Cut to Char slaving over a hot stove. Carrie VOs, "Martha Jewart." Mir and Carrie are helping her make the challah. Carrie says Char doesn't have to "hollah!" Cripes. Char asks Mir to check the recipe, and as Mir turns the page she sees "Mr. and Mrs. Harry Goldenblatt." "Mrs. Charlotte York Goldenblatt." What the fuck is this, high school? I want to see the page where Char practiced her autograph. Did she write H.O.L.L.A.N.D somewhere, for "Hoping Our Love Lasts And Never Dies"? If she doesn't do that, it means they're gonna break up. Whoops! But I had to say it. Carrie giggles. Mir asks if Char got married when she was at work, and points out that she "forgot 'Yorkenblatt.'" Hee. Char says she's "been thinking," and what do the girls "think about November?" That it's the eleventh month? That it sometimes gets cold, sometimes is temperate? That it's Thanksgiving? No, Char meant for the wedding. Mir asks if Harry has even proposed yet. Nope. Is Char "counting her matzo balls before they rise?" Carrie advises her to zip it. Char insists that it's "meant to be" and they are totally gonna get married. Swear! It's so totally gonna happen! Um.
Sam sneaks into a restaurant wearing sunglasses, a black satin trench, and a beret. The piano is appropriately suspenseful. She slinks over to a table where Jerry is already seated, and asks about the microfilm. Jerry says he has an idea, a much sexier idea. Something new to relieve the boredom from all the half-dressed professional and criminal scenarios they've been enacting. Sam gasps and says, "Hotter than Secret Service sluts?" Jerry says, "I'm me, you're you. Go." Sam doesn't like this too much. She says right out loud and to his face that she doesn't want to know all about him. He says that's harsh. She says she is harsh, and also self-sufficient, nasty, smart, and always right, in the office and in the bedroom. Jerry says he knew that. But can he tell her just one thing about himself? Sam doesn't really want to hear it. He just wants to tell her his last name. It's Jared. Sam takes a pause. "Your parents named you Jerry Jared? No wonder you drank." Jerry say, and I often use his exact inflection, "Right." Carrie VOs that "that night, Samantha and Jerry got off on playing themselves." Aww.

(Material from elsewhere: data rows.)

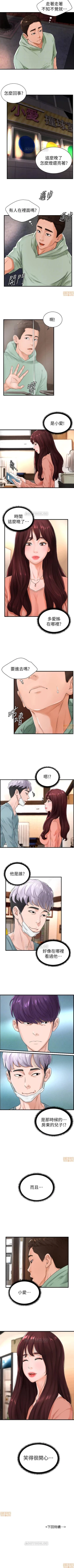 Page 43 of 撞球甜心 1-29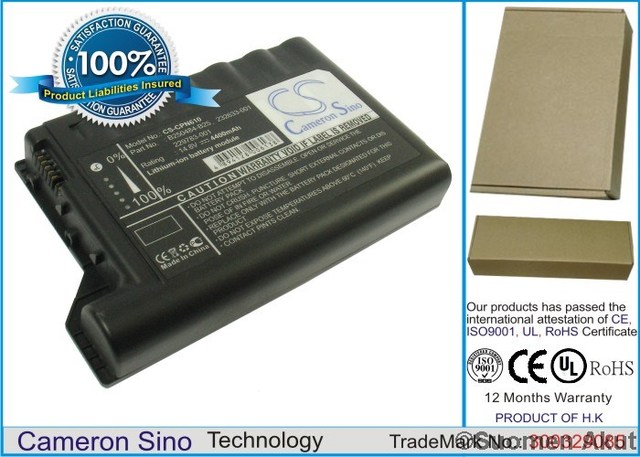 Tietokoneen akku HP 14,8V 4400mA(129) - Hp kannettavan akut - 4894128006138 - 1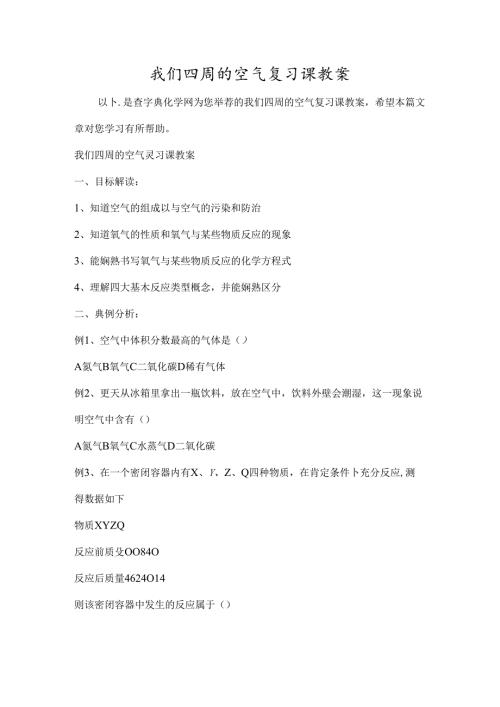 我们周围的空气复习课教案[1].docx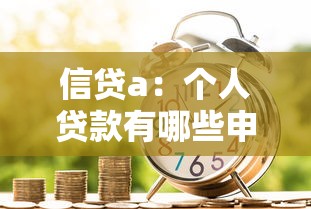 信贷a：个人贷款有哪些申请条件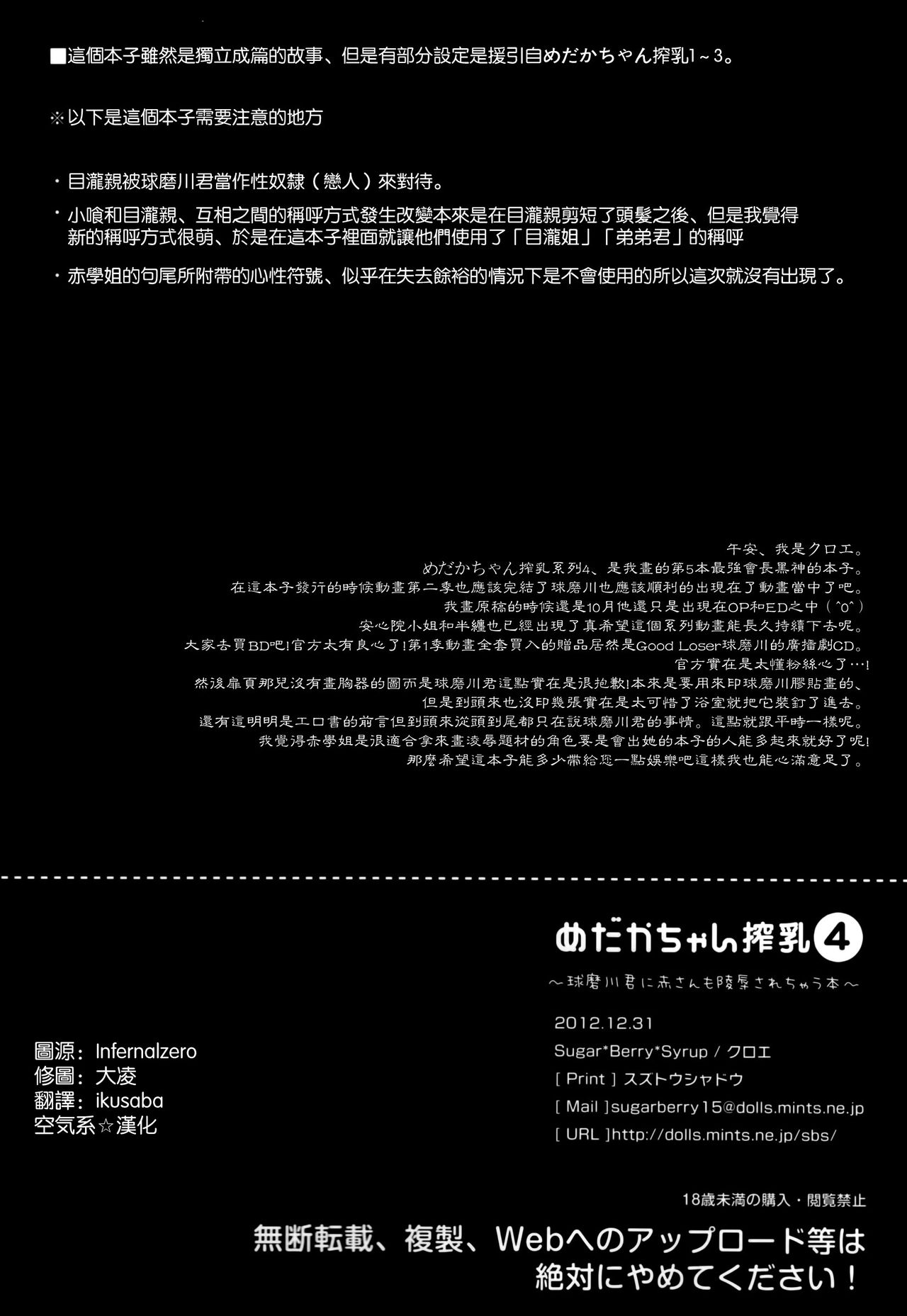 Medaka-chan Sakunyuu 4 ~ Kumagawa-kun ni Aka-san mo Ryojoku Sarechau Hon~ page 5 full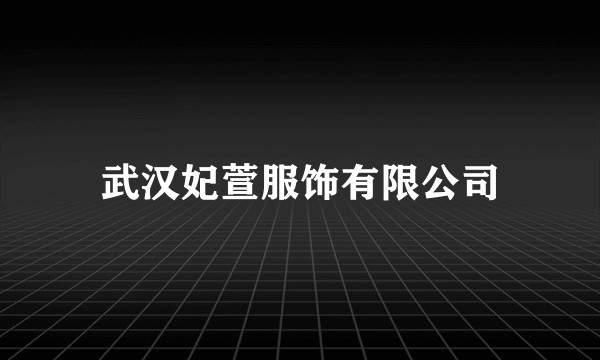 武汉妃萱服饰有限公司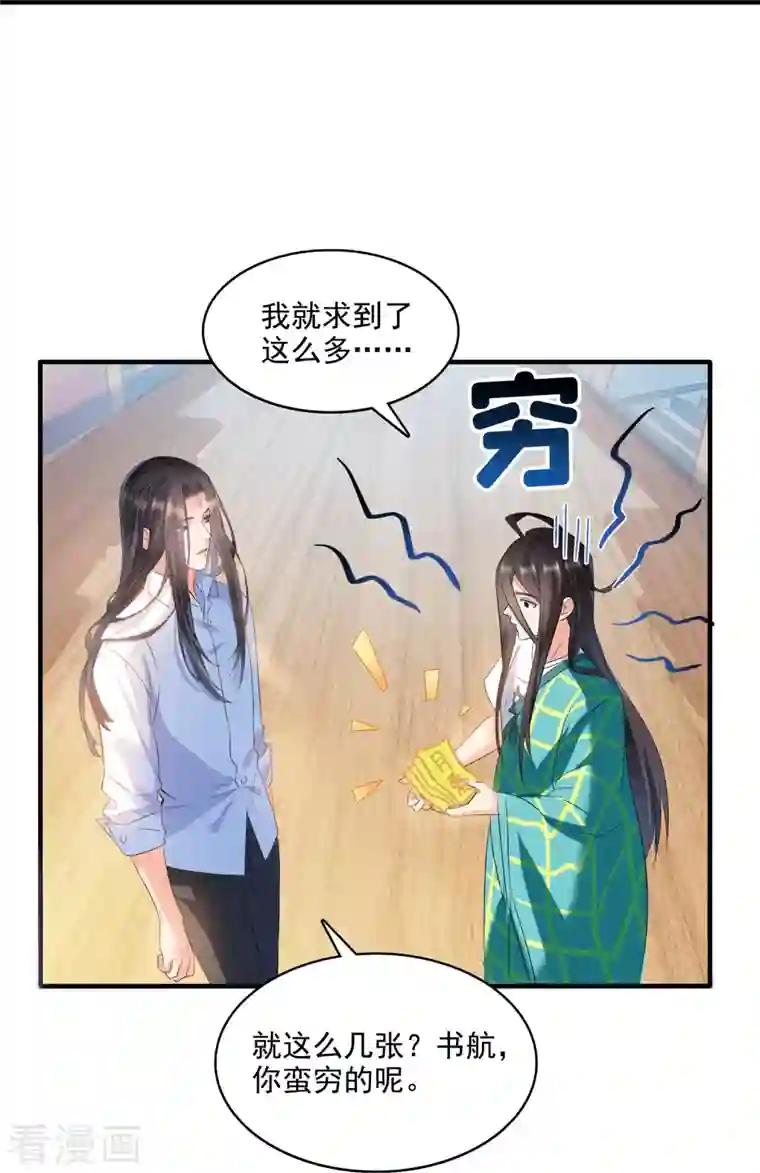 修真聊天群第280话 没事，我一点都不急！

And, at yet another "hip" "downtown" "restaurant," Berger wends his way toward Carrie, who's in a cute muted-blue satin slipdress and a cheetah-print coat over her arm, and some ridiculous old-lady hat avec veil. Oh, that hat. It's so fugly. So theatrical and ridiculous. It's so thrift-store. Right in front of their faces is a woman wearing...a scrunchie. They both see it at the same time. Carrie looks away, not wanting to cop to it. Berger relishes the moment, then says quietly to Carrie that he thinks he sees, "in Manhattan proper, standing on line at a hip downtown restaurant," a woman wearing a scrunchie. He's so smug. Carrie smiles and says through her pulled-tight lips that the woman isn't from New York. Berger immediately taps the woman on the shoulder and asks her what part of New York she lives in. The woman, fifty-ish, in a red ersatz Chanel (or should I say Channel) twinset and baby pearl necklace, plotzes. Why, honey chile, she's not from Nyoo Yor-uhk! She's from Macon, Georgia! And she's so flattered to be mistakenly identified as a New York resident that she claims Berger "made her whole night." Oh, boy. Now, while I am a total Yankee, I love the south. People have amazing manners there, and each region has a different style. Like, Nashville? Is like L.A. Memphis is probably my favorite city in the south, just because of all the great music that comes from there (that, and the food). To say this is an unflattering portrait of a Southern woman is an understatement. The one thing I really don't buy is that the woman would be flattered to be identified as a New Yorker. New Yorkers are pushy and rude! ["I believe you meant to say 'assertive.'" -- Sars] This woman is genteel as hell. But whatever -- Carrie was right, and Berger continues to resent her for it.